Task directions: Transcribe the listing exactly as written. Leave the images out.
Start of Dataset content
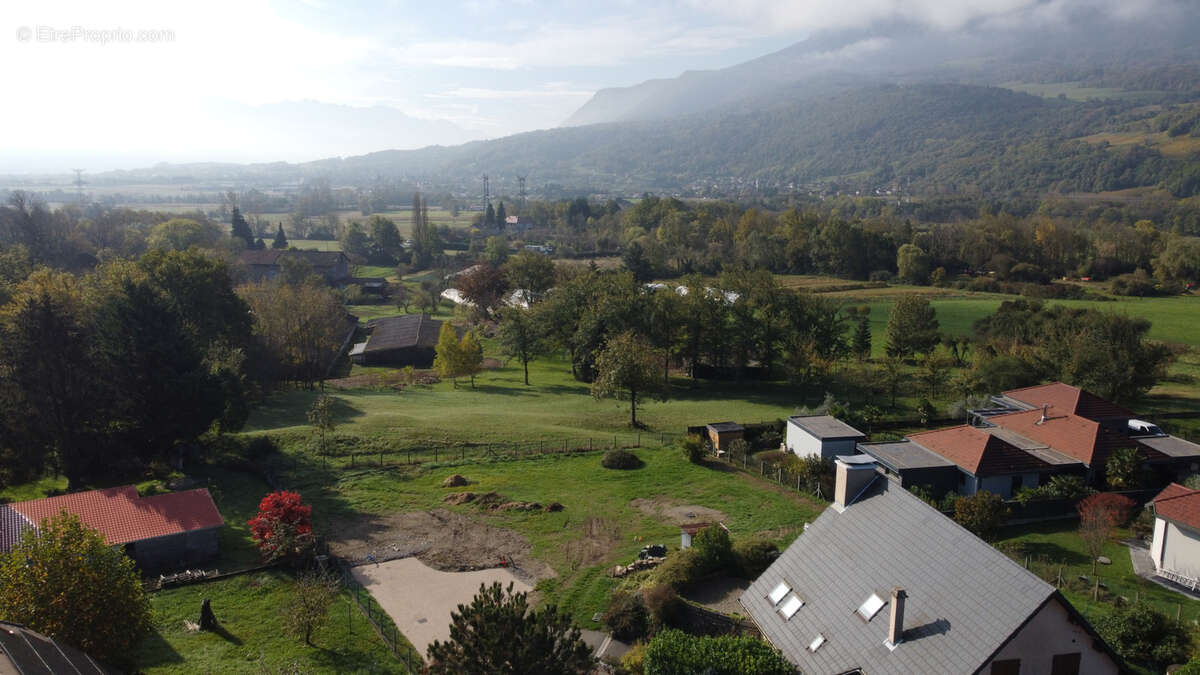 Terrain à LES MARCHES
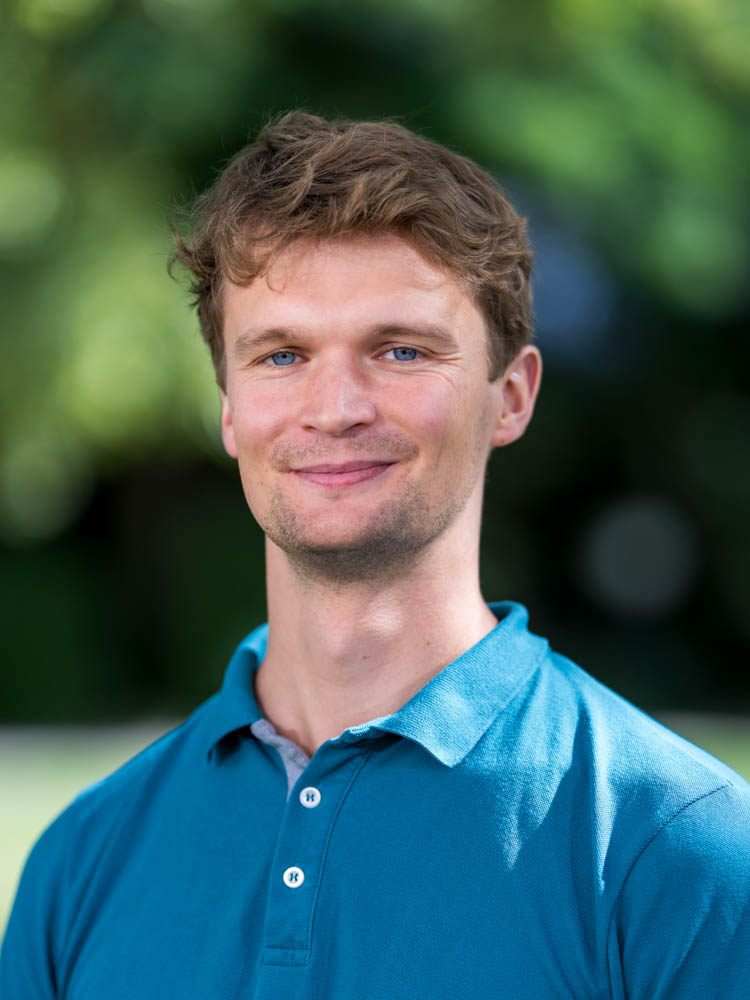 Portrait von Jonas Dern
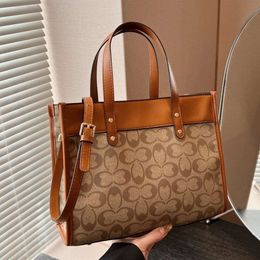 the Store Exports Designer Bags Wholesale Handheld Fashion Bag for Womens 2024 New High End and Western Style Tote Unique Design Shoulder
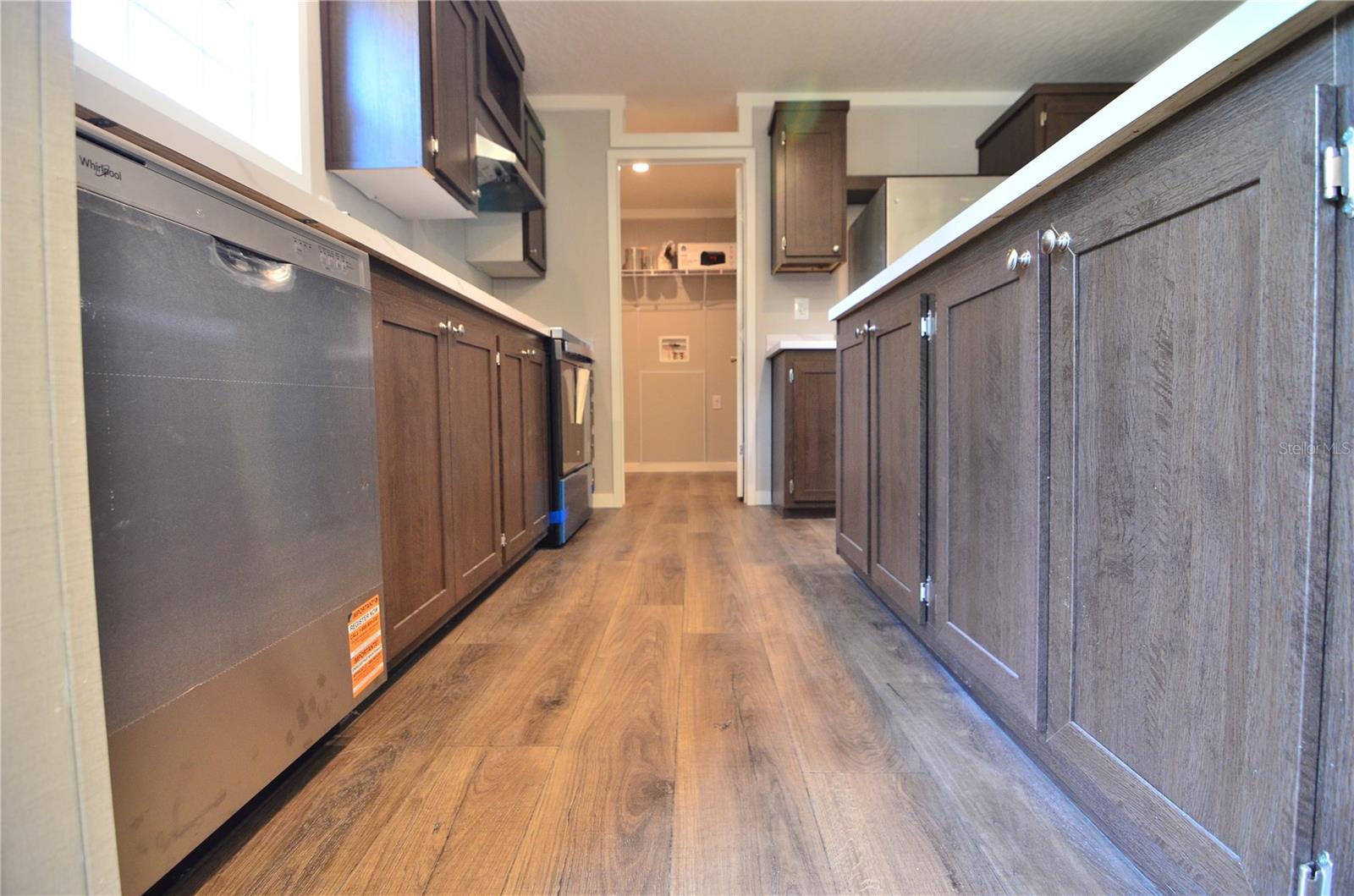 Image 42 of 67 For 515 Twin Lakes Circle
End of Dataset content
Written response:
 Terrain à LES MARCHES
 Portrait von Jonas Dern
 the Store Exports Designer Bags Wholesale Handheld Fashion Bag for Womens 2024 New High End and Western Style Tote Unique Design Shoulder
 Image 42 of 67 For 515 Twin Lakes Circle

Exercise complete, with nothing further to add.